[Editor's Note: The original version of this story incorrectly identified Robert Clark as an operational attorney for the U.S. Cyber Command. He is an operational attorney for the U.S. Army Cyber Command. Also, the original report included the quoted word "revolutionary," but it was not clear that quote was meant to reference previous descriptions of the various cyber weapons and was not a reflection of Clark's remarks.]
Robert Clark, an attorney for U.S. Army Cyber Command, stood in a grand ballroom with gold flaked ceilings and sparkling chandeliers to address an audience that included men in flowing white robes and veiled women and tried to hammer home a single point: cyber warfare is not the "Wild West."
In an age where a new powerful cyber weapon is discovered every few months -- usually on computers in Iran -- Clark, who emphasized that he was speaking only in a personal capacity and not on behalf of the U.S. government, wanted to assure the relatively small gathering in the United Arab Emirates that legal considerations would be taken into account before cyber attacks are launched.
"Articles that talk about cyber warfare and [say] that rules of engagement aren't evolving as fast as [the cyber attacks], it's just not true," Clark said. "We have the law of armed conflict applying to any type conflict and it applies to cyberspace operations also... It's just not the Wild West out there."
For most of his presentation, Clark spoke in generalities about the legal aspects of American cyber capabilities because despite the months-old admission from U.S. Cyber Command chief Gen. Keith Alexander that the military is developing a "pro-active, agile cyber force," and the oft-cited New York Times report on America's role in developing Stuxnet, the devastating cyber weapon that hit an Iranian nuclear facility in late 2009, no current American officials have gone on record claiming responsibility for an offensive cyber attack.
However, emboldened by a government colleague's praise of Stuxnet earlier this year, Clark couldn't resist using it as a hypothetical example.
He said that before a weapon like Stuxnet would be launched, the same legal criteria would be considered as if it were a physical military attack. Is there an imminent threat from the target? Does it absolutely have to be taken out? Will the attack cause casualties or collateral damage that could and should be avoided?

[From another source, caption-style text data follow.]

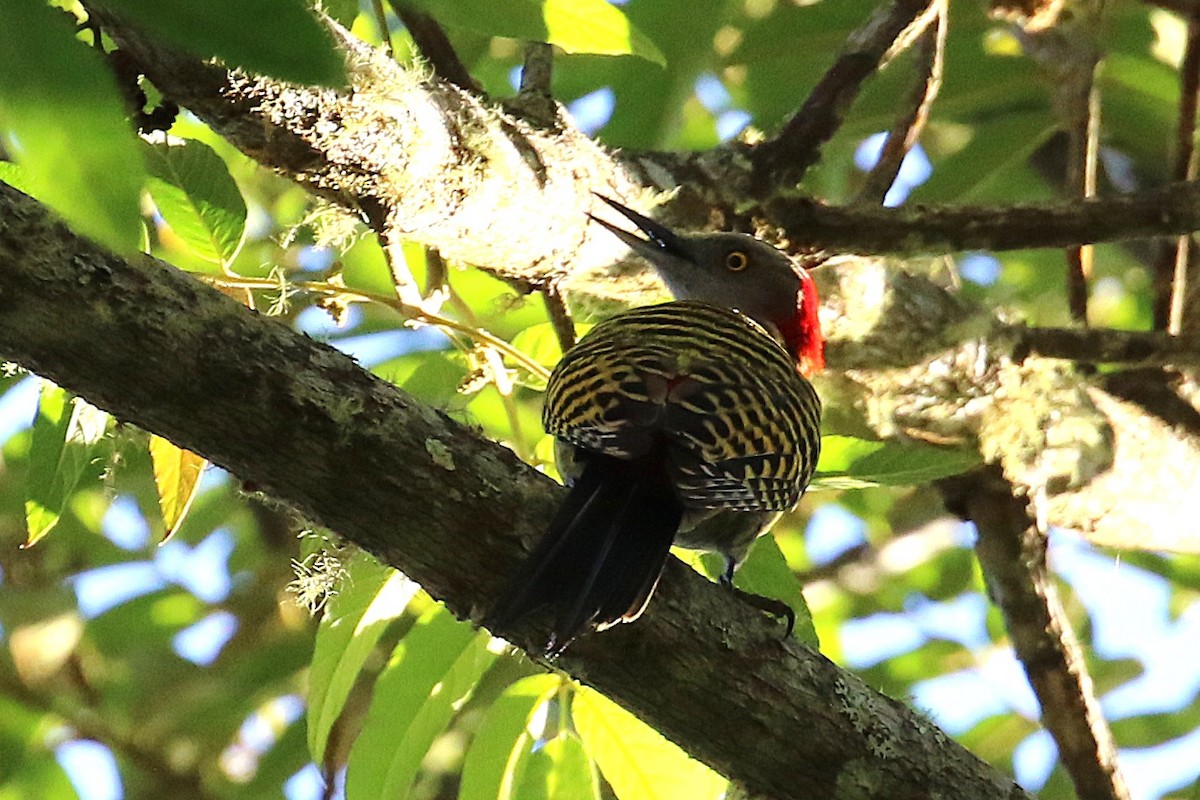 Hispaniolan Woodpecker - ML640311305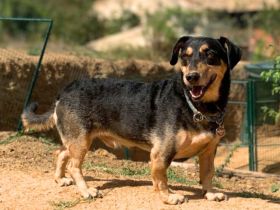 Freddy in 73733 Esslingen sucht sein Für-immer-Zuhause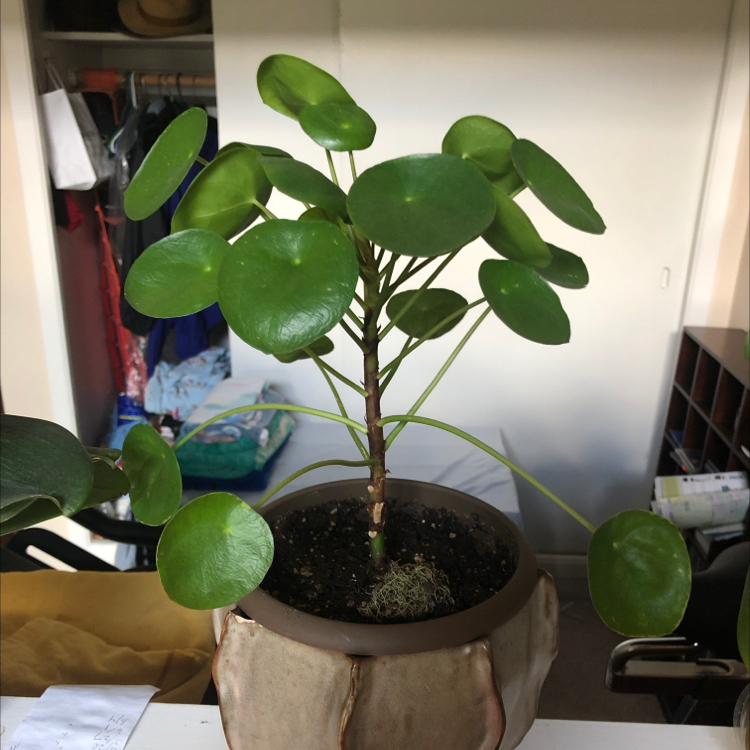 Chinese Money Plant plant photo by @kateverte named ruby on Greg, the plant care app.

Answering his own question about casualties, Clark echoed comments from colleague Air Force Col. Gary Brown when he noted the impressive restraint of the worm. Though Stuxnet was discovered on thousands of computers around the world in 2010, cyber researchers quickly realized that it was something of a smart bomb. It would spread harmlessly from computer to computer until it found itself on the exact system configuration -- a control system at an Iranian nuclear facility -- it was meant to target.
"Stuxnet," Clark said, "was a very discriminant weapon."
After Stuxnet was discovered and analyzed, Richard Clarke, a former White House counter-terrorism adviser and current ABC News consultant, said he thought that Stuxnet showed such care to limit collateral damage that it must have been developed with healthy input from anxious lawyers.
Robert Clark's presentation Wednesday was one of the first talks at the Black Hat security conference held at the opulent Emirate Palace Hotel in Abu Dhabi and though most of the presentations were highly technical, Clark wasn't the first and or the last to talk about the cyber struggle over Iran.